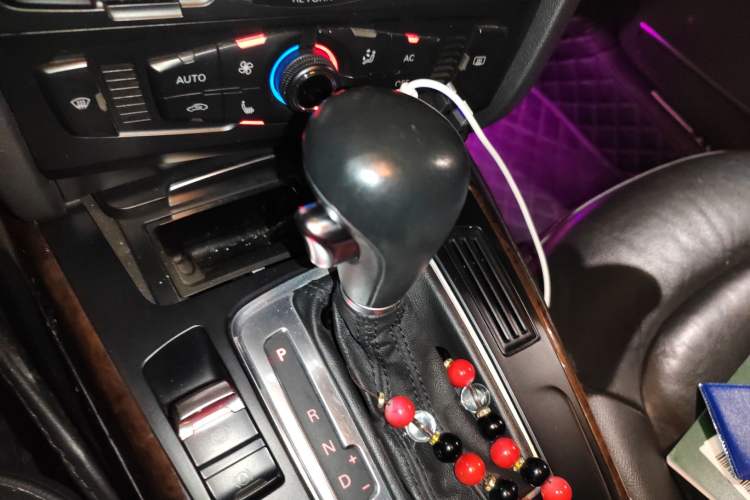 Used Audi A4L 2012 2.0 TFSI automatic Comfort trim level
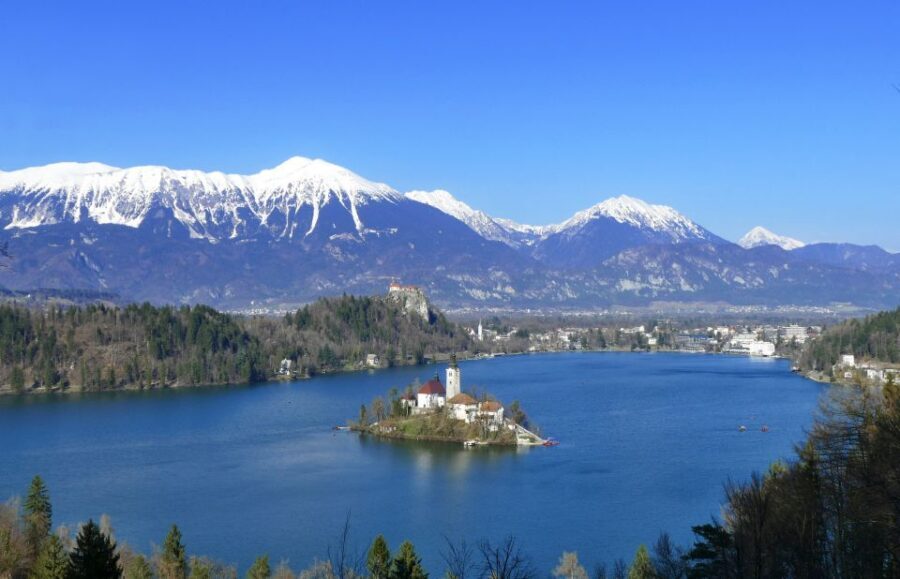 From Ljubljana: Private Bled Lake Day Trip - Two hours at Lake Bled: walking, viewpoints, and what to prioritize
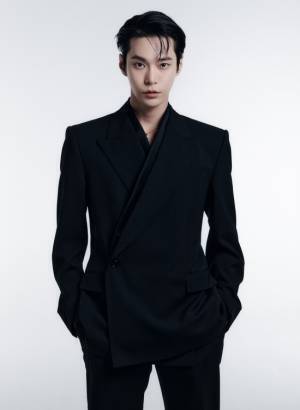 ドルチェ&ガッバーナがK-POPグループNCTのドヨンをブランド初となる日本・韓国 両国アンバサダーに起用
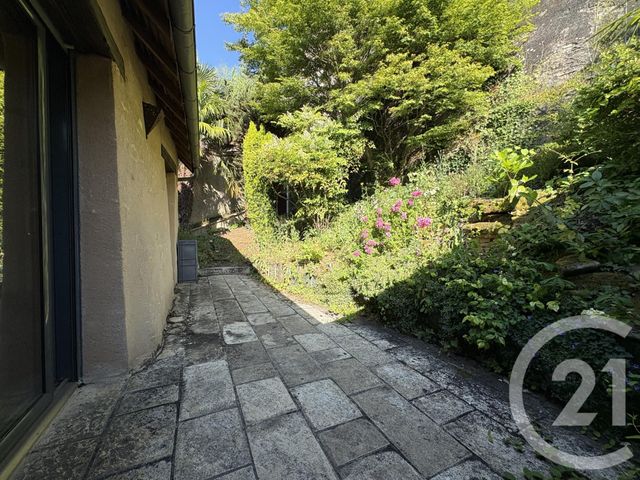 maison à vendre - 7 pièces - 196.0 m2 - CHATEAUROUX - 36 - CENTRE - Century 21 Adressimmo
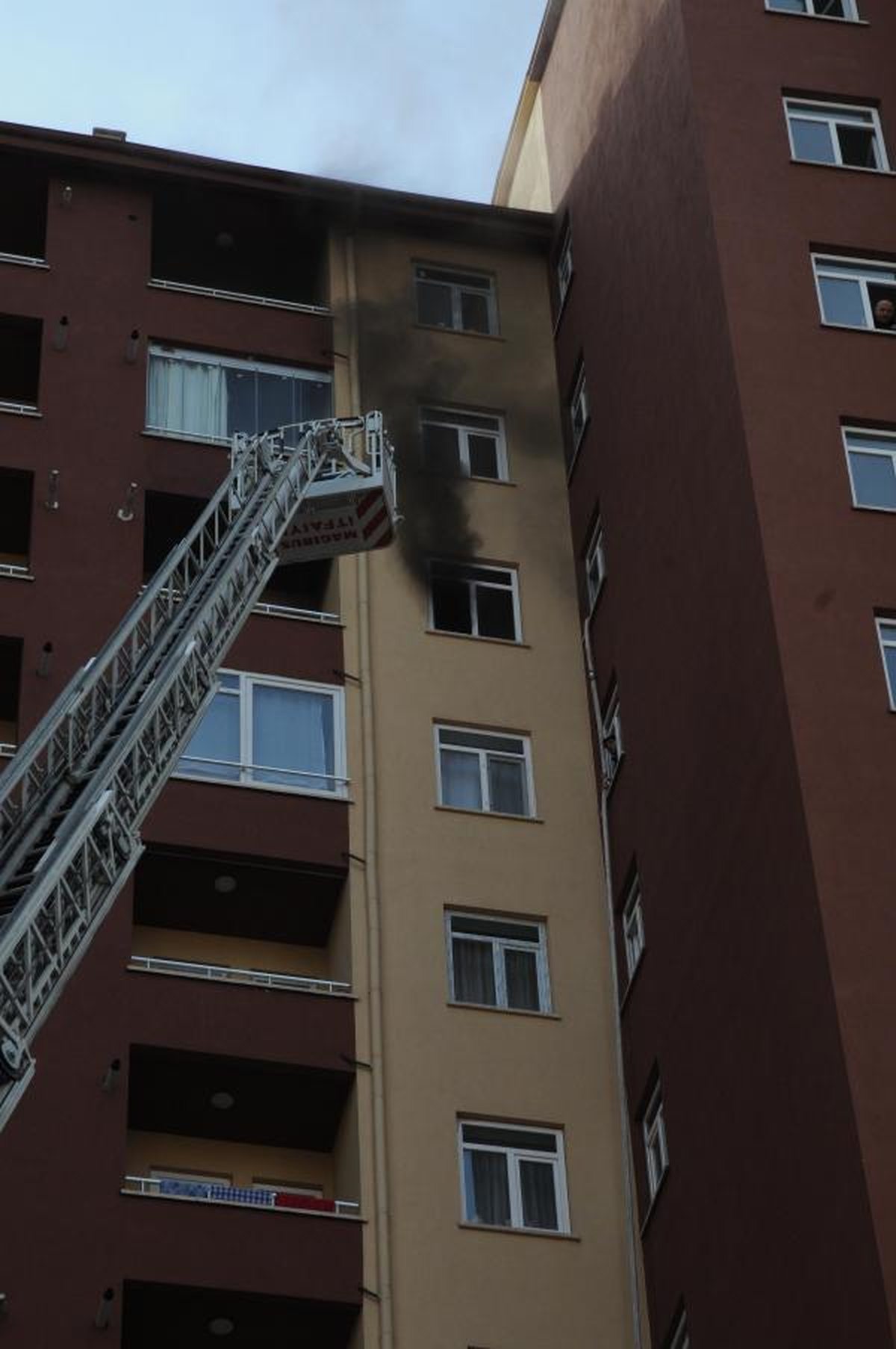 Mutfaktaki Buzdolabı Yangına Neden Oldu
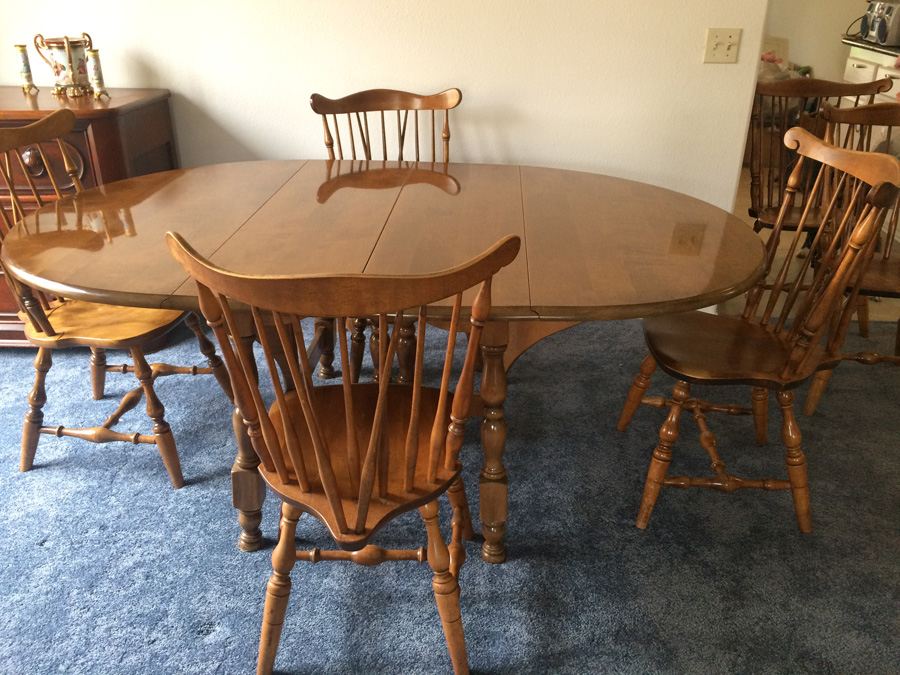 Drop-Leaf Table with 6 Chairs and 2 Leaves [Photo 14]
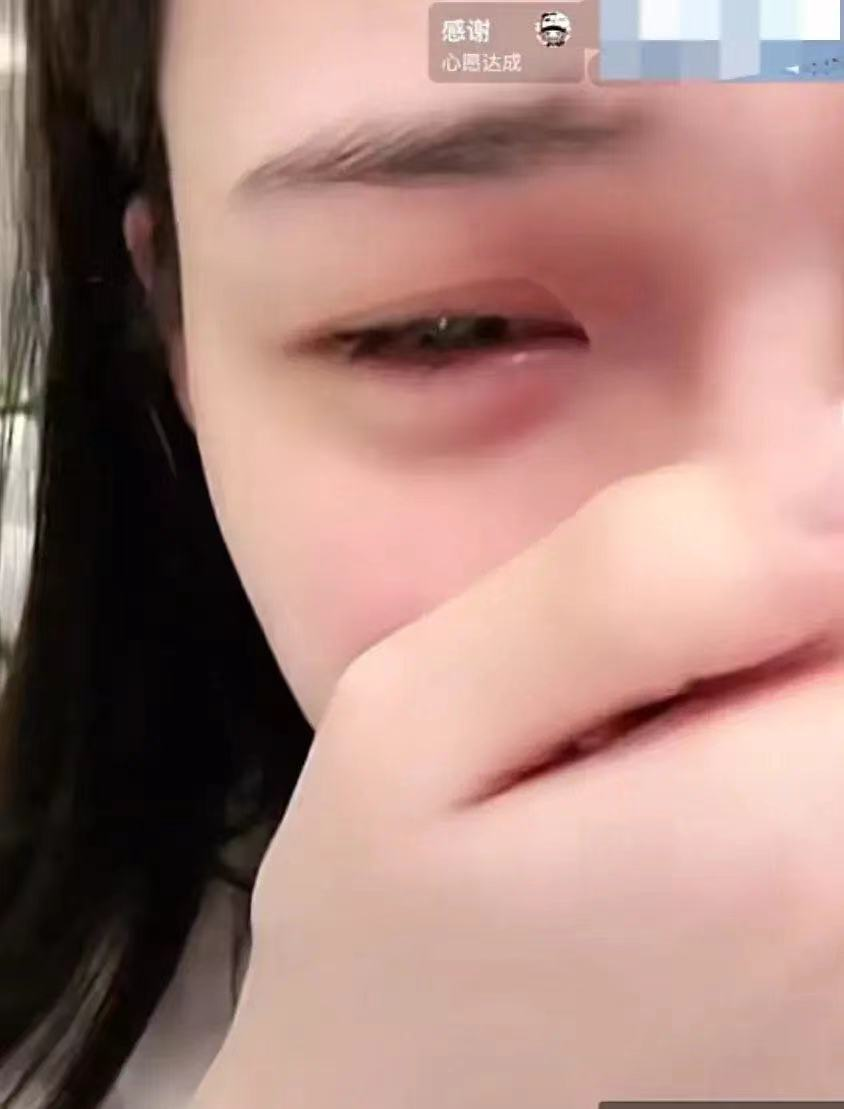 张颖颖|张颖颖穿睡衣深夜直播痛哭！醉酒满脸通红，汪小菲疑霸气拥抱安慰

═══

**Exercise objective**. Would you write out all of the data exactly as it stands, without the pictures?

**Task response**.
 Used Audi A4L 2012 2.0 TFSI automatic Comfort trim level
 From Ljubljana: Private Bled Lake Day Trip - Two hours at Lake Bled: walking, viewpoints, and what to prioritize
 ドルチェ&ガッバーナがK-POPグループNCTのドヨンをブランド初となる日本・韓国 両国アンバサダーに起用
 maison à vendre - 7 pièces - 196.0 m2 - CHATEAUROUX - 36 - CENTRE - Century 21 Adressimmo
 Mutfaktaki Buzdolabı Yangına Neden Oldu
 Drop-Leaf Table with 6 Chairs and 2 Leaves [Photo 14]
 张颖颖|张颖颖穿睡衣深夜直播痛哭！醉酒满脸通红，汪小菲疑霸气拥抱安慰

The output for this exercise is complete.